WHAT YOU ARE ASKED TO DO: Output exactly, in the material below, the lines from the one with "Spectacle et atelier - Le potager de mémé" through the one with "MEATDORIA OPEL Кнопка". Omit all pictures.

DATA FOR ANALYSIS:
───

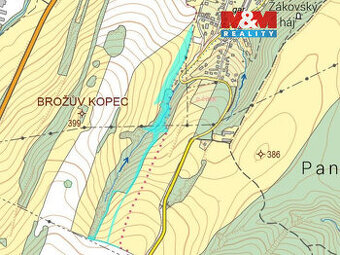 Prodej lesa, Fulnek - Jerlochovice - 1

───

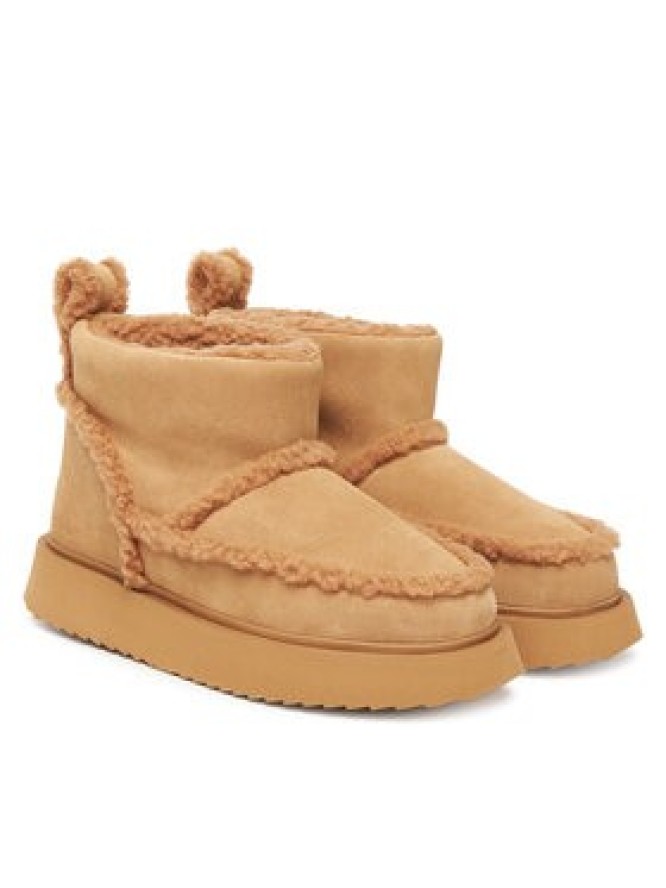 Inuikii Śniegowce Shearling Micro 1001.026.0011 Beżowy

───

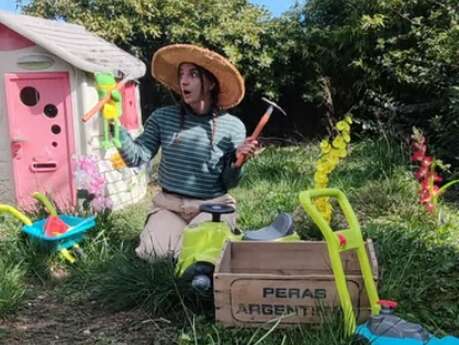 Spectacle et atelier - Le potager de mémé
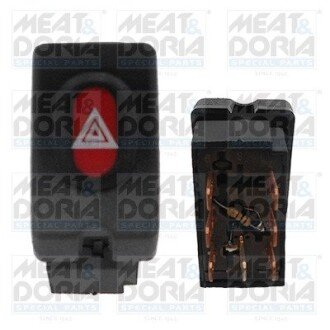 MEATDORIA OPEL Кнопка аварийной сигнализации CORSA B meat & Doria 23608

───

SOLUTION:
 Spectacle et atelier - Le potager de mémé
 MEATDORIA OPEL Кнопка аварийной сигнализации CORSA B meat & Doria 23608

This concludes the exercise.